I put in on 87 and run up river to gig boiling creek,its a mile or 2 up river and comes in from the south,its a very clear cold creek.The main part of yellow river is a dirty muddy colored water. I have caught fish on YR from up in alabama all the way down to the bay,I'm not a big bass guy,I'm more into stump fishing with earthworms for monster bluegill and stumpknockers.I do occasionally catch bass deep in stumps,with the earthworms.
A 21' boat will have problems up river from 87 after about 4-5 miles,it gets skinny up there.Your aluminum boat might do okay depending on draft.
I'm sure others will chime in with more info.


----------



## auguy7777

Yellow is your best bass fishing river around here man. It's not often you go out there and get whooped. From the past decade fishing Yellow, I've learned that after the spawn is over (66-73 degrees or so), most of the fish will stage up in the main river and north of the 87 bridge will yield huge bass in the summer months. The current is your friend and flipping can be awesome. But, like right now, with low 60s for the near future, I've already caught close to 100 bass since the new year turn out of Yellow in creeks off the main river on the south end of the river near the mouth. You just gotta do a little searching and once you find em, they are usually there next time you go out. I've found a couple nice holes the last month or so. Good prespawn baits are a dark zoom fluke and trick worm. With those two baits, you can't go wrong. PM me for anything else you might wanna know and I might help you out. Good luck.


----------



## Fish4lif

Thanks fella's, that is the kind of stuff I like to hear. I have been pretty disappointed thus far living round here because I have been fishing tournaments (not winning much tho) a little further north for the last 15 years, KY, TN, MO, IL, but haven't really heard much about the bass fishing being decent around here. I am anxious to get out there and try it out.


----------



## jcoss15

Yellow river is awesome for bass fishing when the water levels are right...fishing around 87 is a good start all kinds of good fishing on the lower part of yellow and since you have a smaller aluminum boat you can also use the ramps in Holt at guess lake and log lake (these are not lakes but sloughs off the river that lead to the main river) this part of the river does get low and there are some logs and stumps that can hurt your feelings so take it slow at first. Fishing trick worms, baby brush hogs, crawfish cranks, and maybe a rapala jerk bait, or spinnerbaits are all good search baits until you find out what they want. Also don't get discouraged on blackwater either its a good river too just can be weird at times. Check out google earth and you can get an idea of the river. Both of the ramps in Holt are at the very end of Log Lake Rd. off hwy 90. PM if ya got any other questions.


----------



## Amarillo Palmira

If you want to fish the lower end of the river, a good place to launch is Brown's Fish Camp. I have good luck for mixed species at the lower end (stripers, bass, pickerel, speckled trout, redfish, etc.). Auguy7777 definitely knows more about the upper end than I do, so I'd take his advice. There is lots of current up there, so be prepared to deal with it. 

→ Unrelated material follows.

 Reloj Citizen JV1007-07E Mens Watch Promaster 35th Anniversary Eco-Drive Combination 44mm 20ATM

As far as Blackwater goes, its more of a "spot" fishery than anything else. If you fish it religiously for awhile, you will learn the spots that the bass hang out and go there again and again to catch them. 

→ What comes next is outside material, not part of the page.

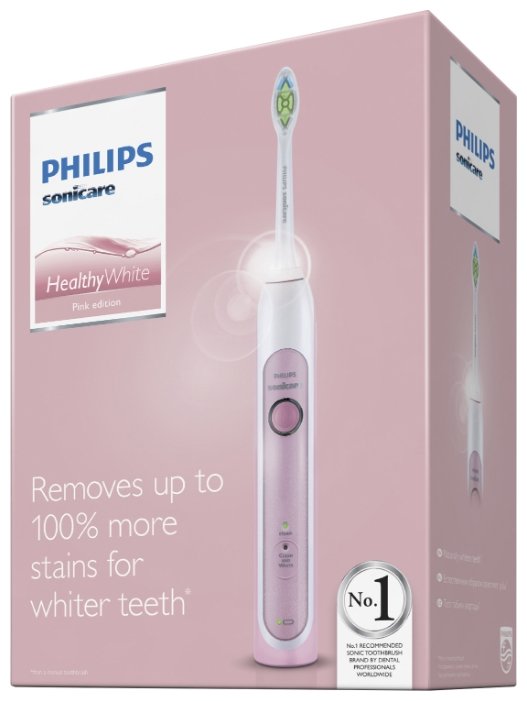 Электрическая зубная щетка Philips Sonicare HealthyWhite HX6762/43 (фото modal 6)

I fished Illinois for several years and that is some fine bass fishing. I think that, around here, the fish in the rivers prefer a finesse approach for the most part. I figure that's because they are very tempermental because they are first Florida strain bass and also influenced by tides and saltwater which makes them even more difficult to catch. Plus they are not the apex predator in the rivers what with the rivers full of saltwater fish along with tons of gar, big cats and loads of pickerel. Good luck, AP


----------



## Amarillo Palmira

Oh yeah, its called Yellow River for a reason!


----------